Downstream consumers:
- Any future Aim 5 defense work that assumed assistant persona has inherent robustness must be re-evaluated.
- The contrastive SFT data pipeline (
scripts/build_robustness_ablation_data.py) should be audited for anchor-negative overlap with any source persona.
Setup & hyper-parameters
Why this experiment / why these parameters / alternatives considered: Issue #96 found an 80pp gap between assistant (-2pp) and all other personas (-80pp) under contrastive wrong-answer SFT. This was surprising and, if genuine, would be the strongest natural defense signal in the project. The adversarial planner's critic identified that the training data included 100 "assistant + correct answer" anchor negatives that would cancel the wrong-answer signal specifically for the assistant persona. Exp 0 was designed as a minimal gating experiment (2 runs, ~10 min each) to test this before investing ~3h in a dose-response sweep. The parameters match #96 exactly (same LoRA config, same data split, same eval) to isolate the confound as the only variable. Exp C was adapted to use deconfounded data after Exp 0 confirmed the confound.
Model
| Base | Qwen/Qwen2.5-7B-Instruct (7.62B params) |
| Trainable | LoRA adapter (~25M params) |
Training -- scripts/run_assistant_robustness.py @ commit c930d00
| Method | LoRA SFT (contrastive: wrong answers as positives, correct answers as negatives) |
| Checkpoint source | Qwen/Qwen2.5-7B-Instruct from HF Hub |
| LoRA config | r=32, alpha=64, dropout=0.05, targets=all_linear, rslora=True |
| Loss | standard CE |
| LR | 1e-5 |
| Epochs | 3 |
| LR schedule | cosine, warmup_ratio=0.05 |
| Optimizer | AdamW |
| Weight decay | 0.0 |
| Gradient clipping | 1.0 |
| Precision | bf16, gradient checkpointing on |
| DeepSpeed stage | N/A (single GPU) |
| Batch size (effective) | 16 (4 per_device x 4 grad_accum x 1 GPU) |
| Max seq length | 2048 |
| Seeds | [42] |
Data
| Source | ARC-C 50/50 split (seed=42) via scripts/build_robustness_ablation_data.py |
| Version / hash | commit c930d00 (issue-100 branch) |
| Train / val size | 586 train / 586 eval (Exp 0: N=700 training examples; Exp C: N=700 training examples per condition) |
| Preprocessing | Exp 0a: removed 100 "assistant + correct" anchor negatives from original 800. Exp 0b: removed 100 random non-assistant negatives from original 800. Exp C: all conditions use deconfounded data (anchors removed). |
Eval
| Metric definition | ARC-C logprob accuracy: fraction of 586 eval questions where the model assigns highest logprob to the correct answer choice (A/B/C/D) |
| Eval dataset + size | ARC-Challenge held-out eval split, N=586 |
| Method | _arc_logprob_core() next-token logprob comparison |
| Judge model + prompt | N/A (logprob-based, no judge) |
| Samples / temperature | greedy (logprob), single pass |
| Significance | p-values: Exp 0 deconfounded vs size-matched: p < 1e-100 (N=586 per arm).

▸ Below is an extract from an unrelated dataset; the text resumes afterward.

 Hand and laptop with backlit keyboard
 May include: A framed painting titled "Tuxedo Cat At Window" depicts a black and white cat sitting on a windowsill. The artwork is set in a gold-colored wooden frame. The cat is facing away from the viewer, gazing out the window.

Exp C all explicit prompts vs qwen-builtin condition: p < 1e-100 (N=586 each). |
Compute
| Hardware | 1x H200 SXM (pod1, GPU 1) |
| Wall time | ~40 min total (8 runs x ~5 min each) |
| Total GPU-hours | ~0.8h |
Environment
| Python | 3.11.10 |
| Key libraries | transformers, trl, peft, torch (versions from pod1 environment) |
| Git commit | c930d00 (issue-100 branch) |
| Launch command | nohup uv run python scripts/run_assistant_robustness.py --exp 0 & and nohup uv run python scripts/run_assistant_robustness.py --exp C --deconfounded & |
WandB
Project: thomasjiralerspong/explore-persona-space
| Experiment | Condition | Run | State |
|---|---|---|---|
| Exp 0 | 0a (deconfounded) | sygu1syr | finished |
| Exp 0 | 0b (size-matched) | 4mushqiz | finished |
| Exp C | full_prompt | w87l0lc8 | finished |
| Exp C | empty_system | xnevmanc | finished |
| Exp C | qwen_default | 4r5xztaw | finished |
| Exp C | name_only | usrg3imw | finished |
| Exp C | nonce_role | ygrmu90l | finished |
| Exp C | curious_explorer | wgik1dc4 | finished |
Full data (where the complete raw outputs live)
| Artifact | Location |
|---|---|
| Compiled aggregated results | eval_results/issue_100/exp0_summary.json (on pod1) |
| Per-run / per-condition results | eval_results/issue_100/exp0_deconfounded/run_result.json, eval_results/issue_100/exp0_size_matched/run_result.json, eval_results/issue_100/expC_*/run_result.json (on pod1) |
WandB artifact (type eval-results) | runs listed above in project thomasjiralerspong/explore-persona-space |
| Raw generations (all completions) | N/A (logprob eval, no generation) |
| Judge scores (if applicable) | N/A |
Sample outputs
N/A -- this experiment uses logprob-based evaluation (no text generation). The model assigns logprobs to answer choices A/B/C/D. At 1.9% accuracy (Exp 0a), the model is actively selecting wrong answers for 98.1% of questions, indicating successful wrong-answer imprinting. At 82.8% (Exp 0b), the model retains near-baseline accuracy, indicating the anchor negatives are successfully cancelling the wrong-answer signal.
Headline numbers
Exp 0 -- Contamination Control
| Condition | Description | Pre ARC-C | Post ARC-C | Delta |
|---|---|---|---|---|
| 0a (deconfounded) | Removed 100 "assistant+correct" anchors (N=700) | 84.0% (492/586) | 1.9% (11/586) | -82.1pp |
| 0b (size-matched) | Removed 100 random bystander negatives (N=700) | 84.0% (492/586) | 82.8% (485/586) | -1.2pp |
Exp C -- Source-of-Robustness Ablation (all deconfounded, N=700)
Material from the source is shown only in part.